→ WHAT THE TASK ASKS
Without the pictures, print the lines running from the beginning of the material to the line containing "Layered gold-tone necklace", both ends included.

→ DATA PROVIDED
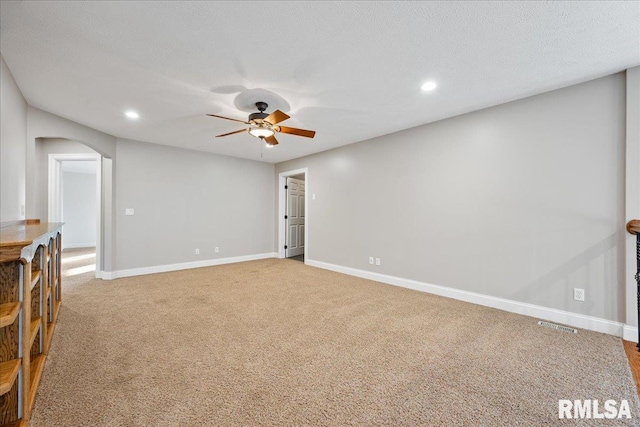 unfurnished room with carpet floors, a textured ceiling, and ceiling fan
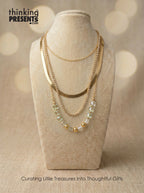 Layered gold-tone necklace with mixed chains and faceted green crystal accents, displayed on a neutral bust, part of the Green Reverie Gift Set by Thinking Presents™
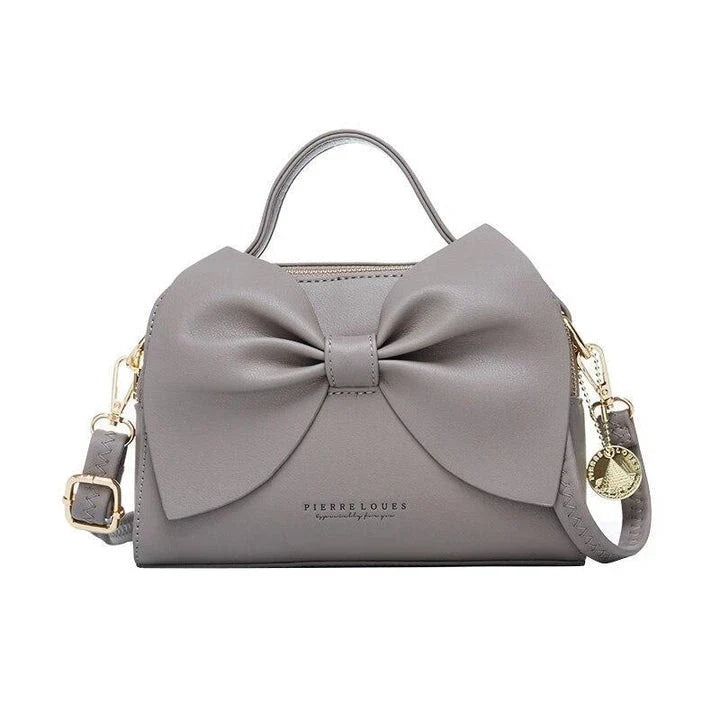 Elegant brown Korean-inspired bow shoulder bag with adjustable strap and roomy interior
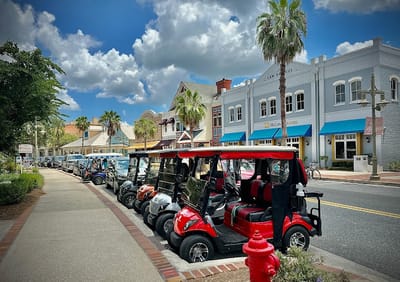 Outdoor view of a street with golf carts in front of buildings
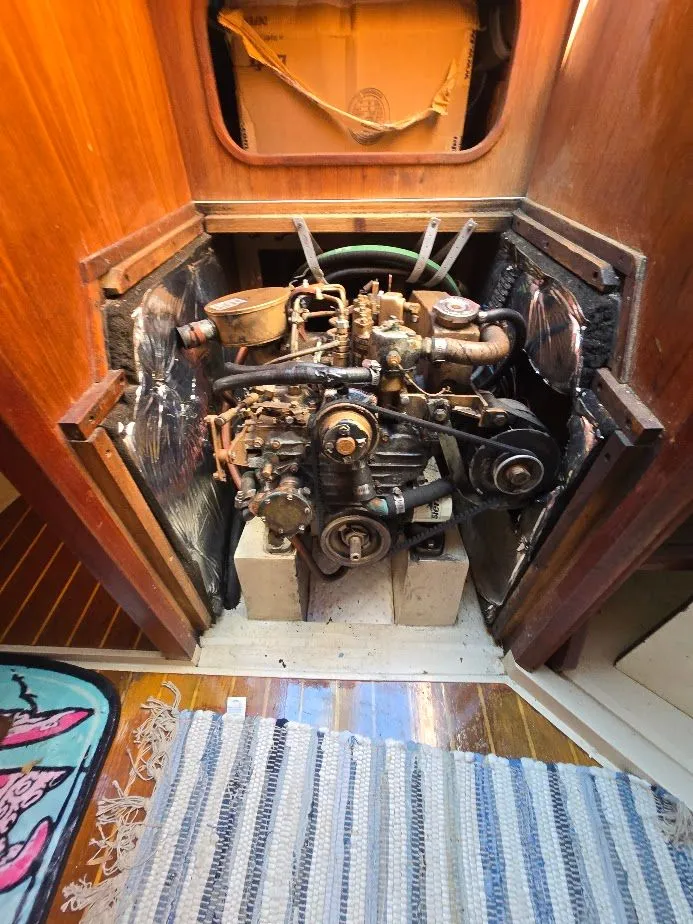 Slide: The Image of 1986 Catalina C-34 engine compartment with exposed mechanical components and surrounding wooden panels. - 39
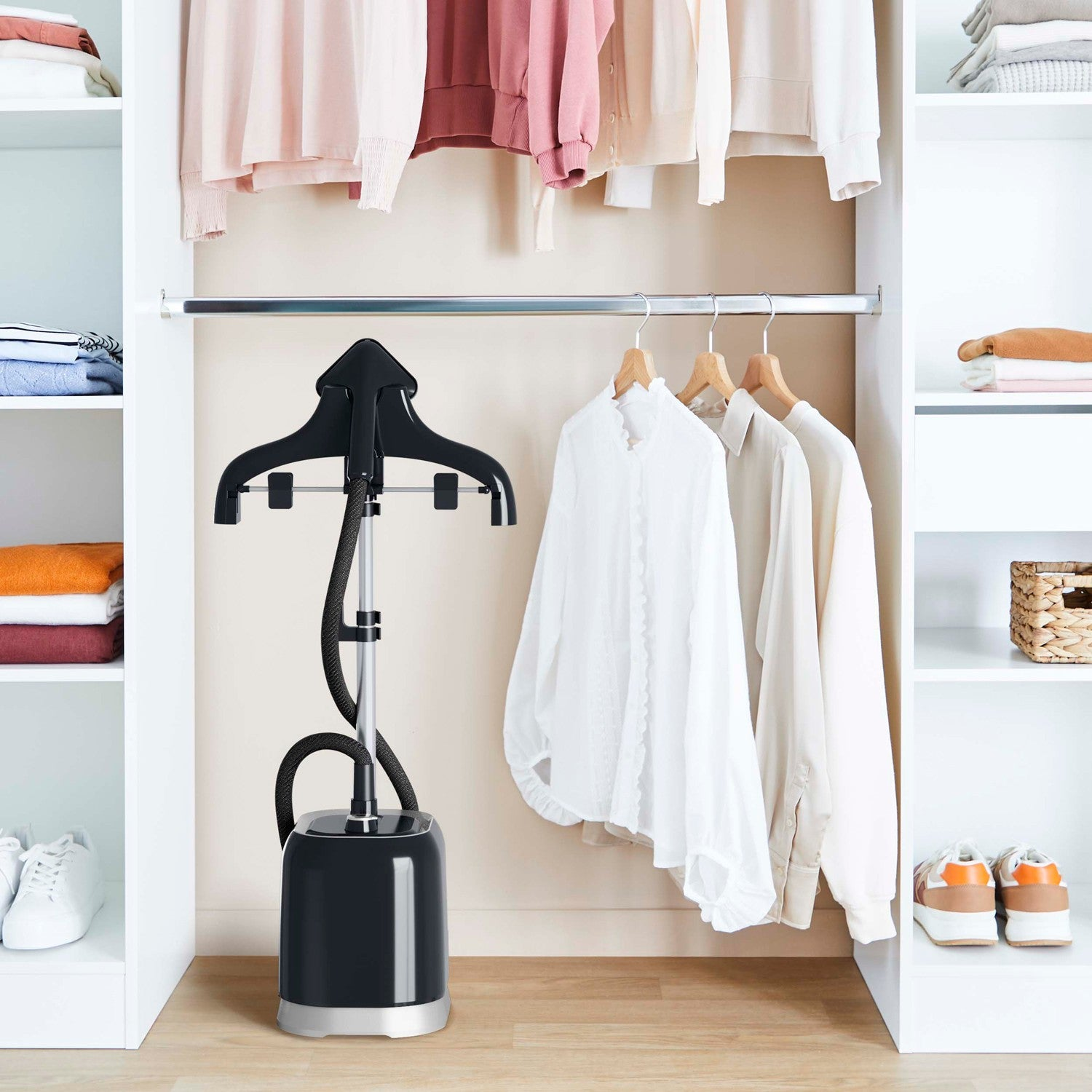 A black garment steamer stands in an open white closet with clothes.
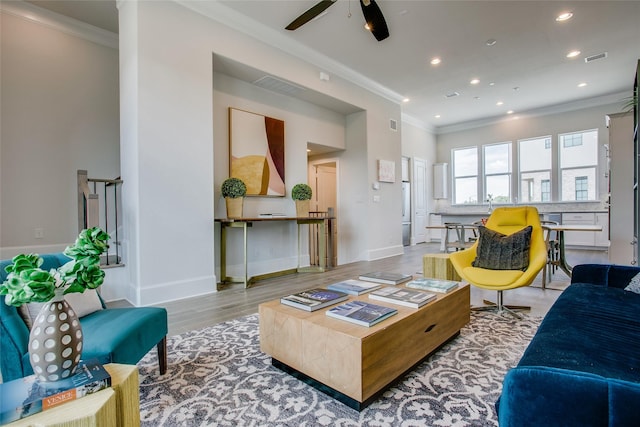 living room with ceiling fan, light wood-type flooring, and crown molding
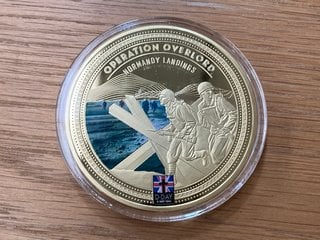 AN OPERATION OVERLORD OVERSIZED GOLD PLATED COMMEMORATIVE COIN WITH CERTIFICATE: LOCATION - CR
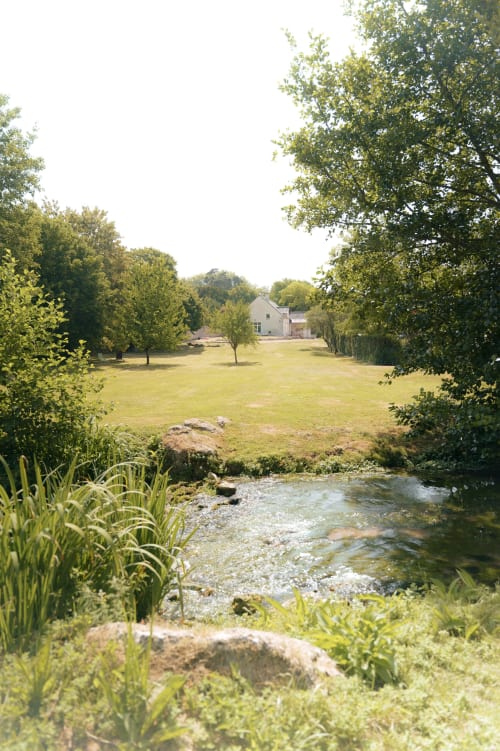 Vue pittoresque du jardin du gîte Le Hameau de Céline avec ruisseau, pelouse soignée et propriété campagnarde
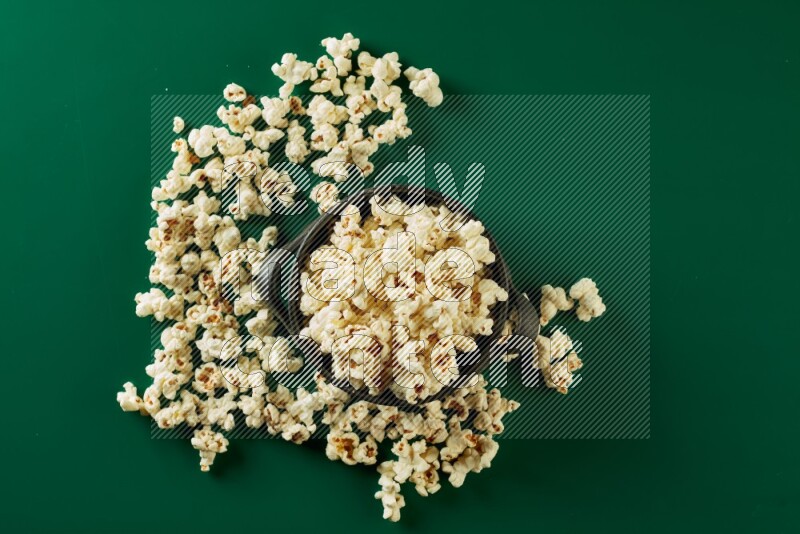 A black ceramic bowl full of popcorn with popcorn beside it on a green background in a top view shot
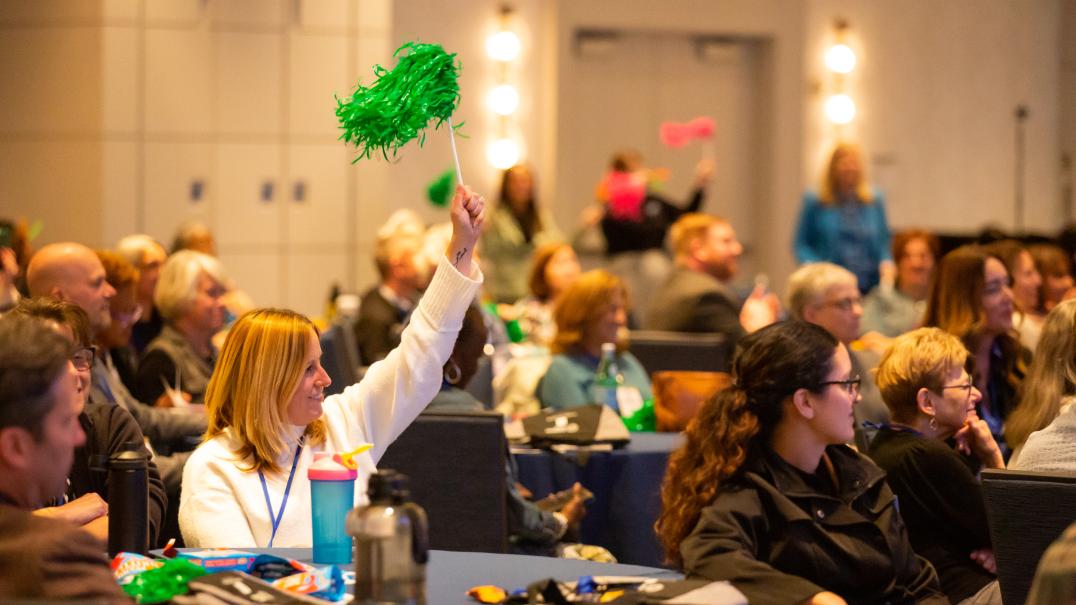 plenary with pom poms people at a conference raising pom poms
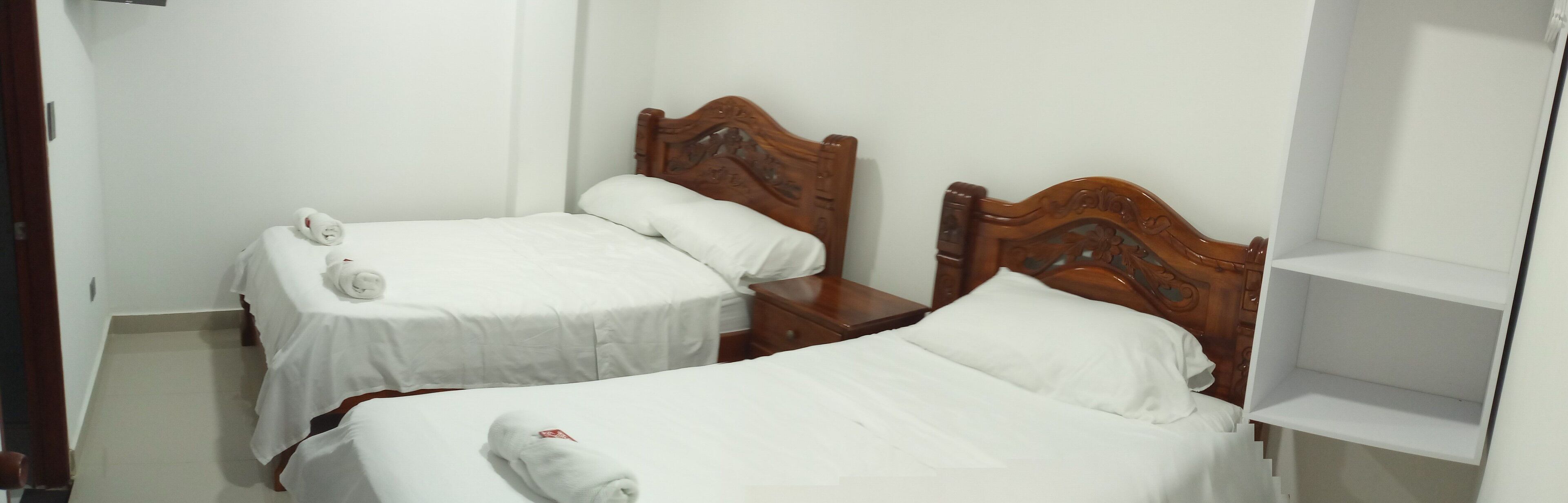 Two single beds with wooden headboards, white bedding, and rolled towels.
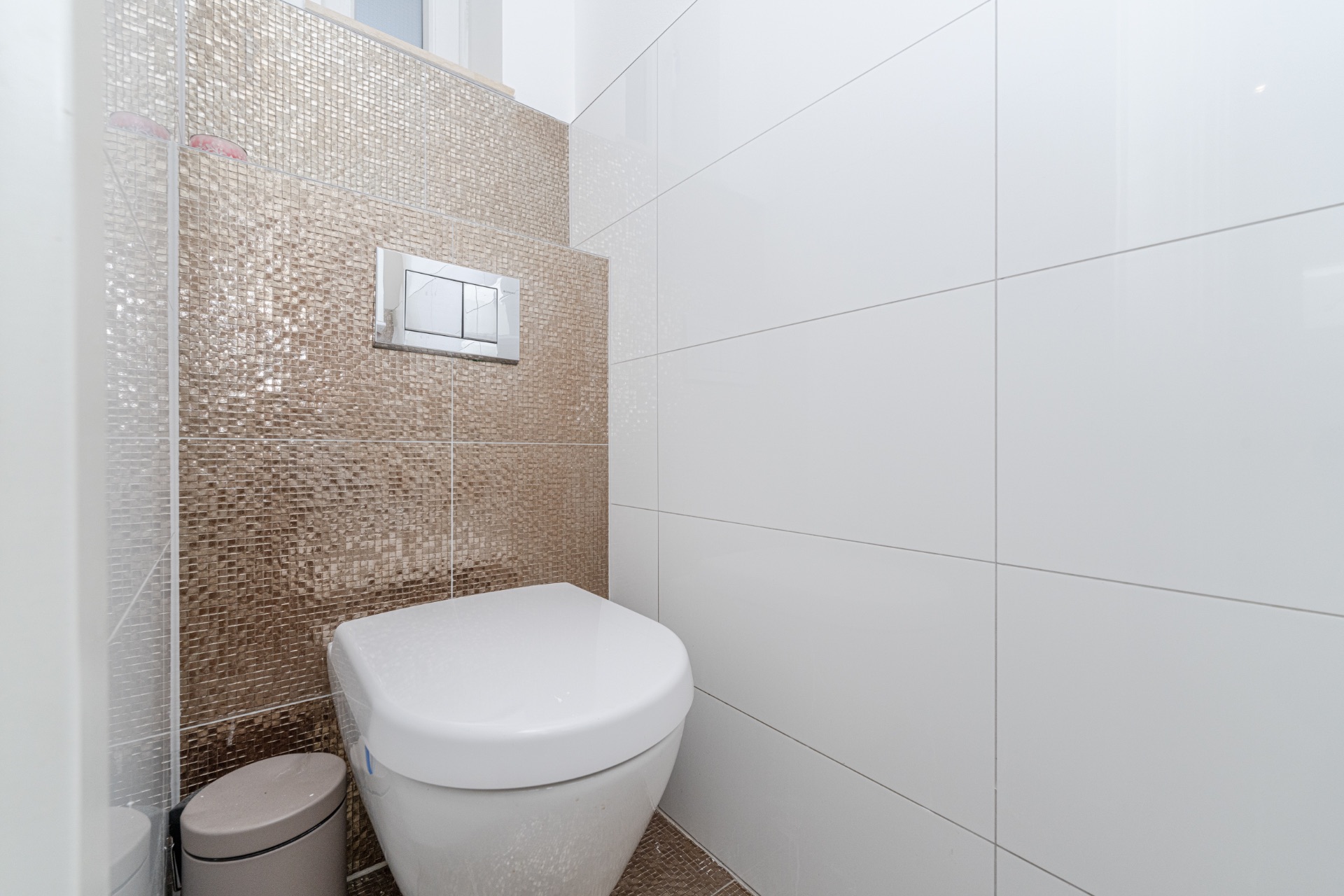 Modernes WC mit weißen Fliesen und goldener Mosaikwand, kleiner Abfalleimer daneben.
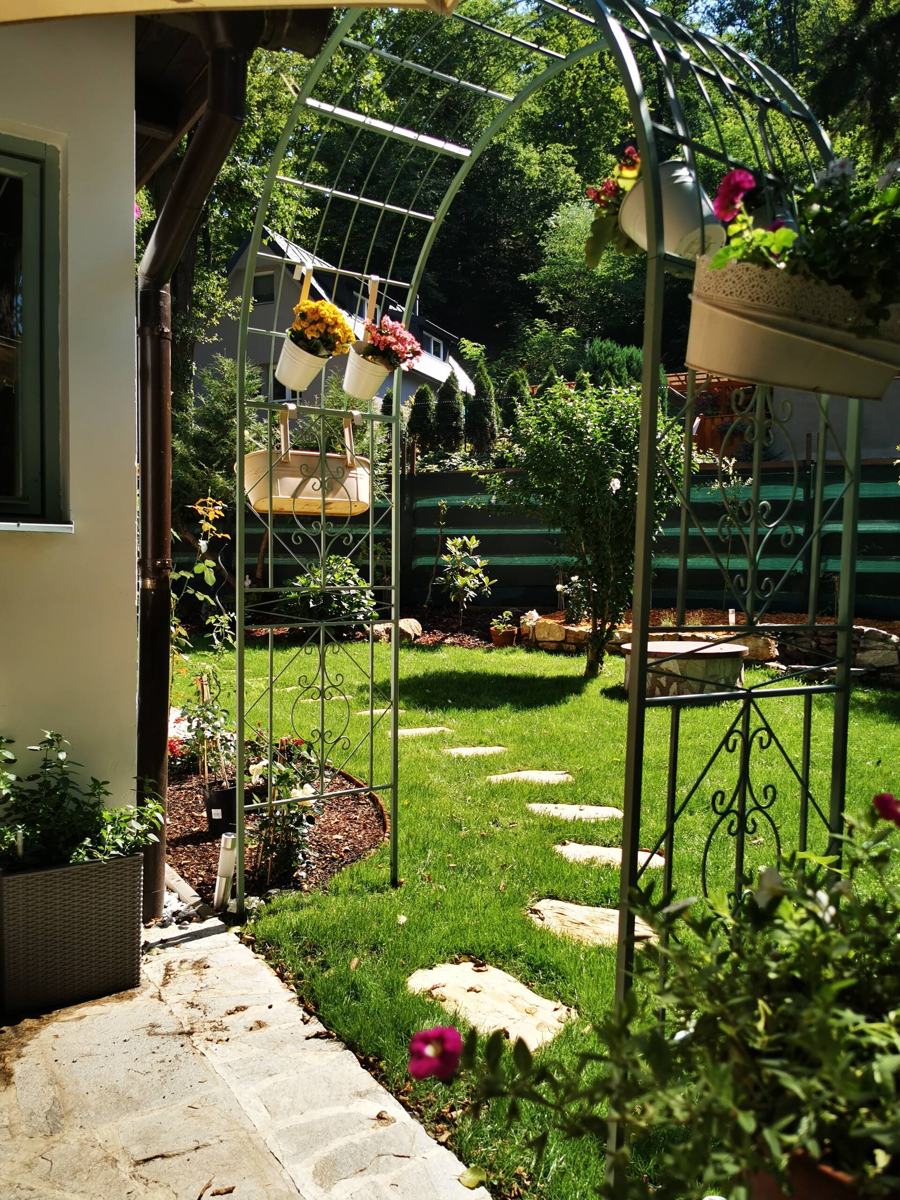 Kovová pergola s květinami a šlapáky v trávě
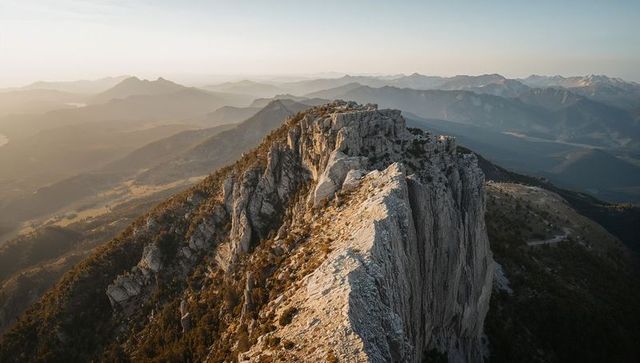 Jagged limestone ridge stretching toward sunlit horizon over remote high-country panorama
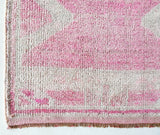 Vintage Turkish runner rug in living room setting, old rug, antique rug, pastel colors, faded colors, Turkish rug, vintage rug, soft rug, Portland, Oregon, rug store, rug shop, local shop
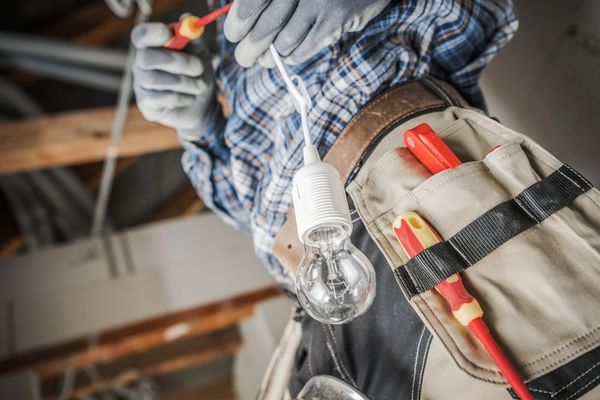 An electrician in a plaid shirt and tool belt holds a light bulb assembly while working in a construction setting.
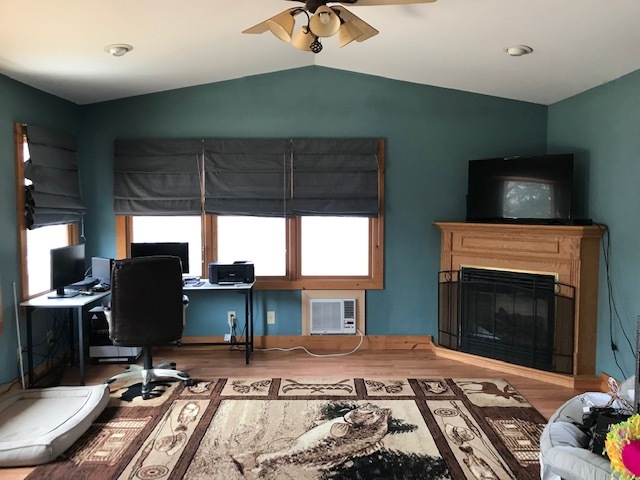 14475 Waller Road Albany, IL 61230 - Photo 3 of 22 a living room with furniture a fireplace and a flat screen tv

→ TASK RESPONSE
 unfurnished room with carpet floors, a textured ceiling, and ceiling fan
 Layered gold-tone necklace with mixed chains and faceted green crystal accents, displayed on a neutral bust, part of the Green Reverie Gift Set by Thinking Presents™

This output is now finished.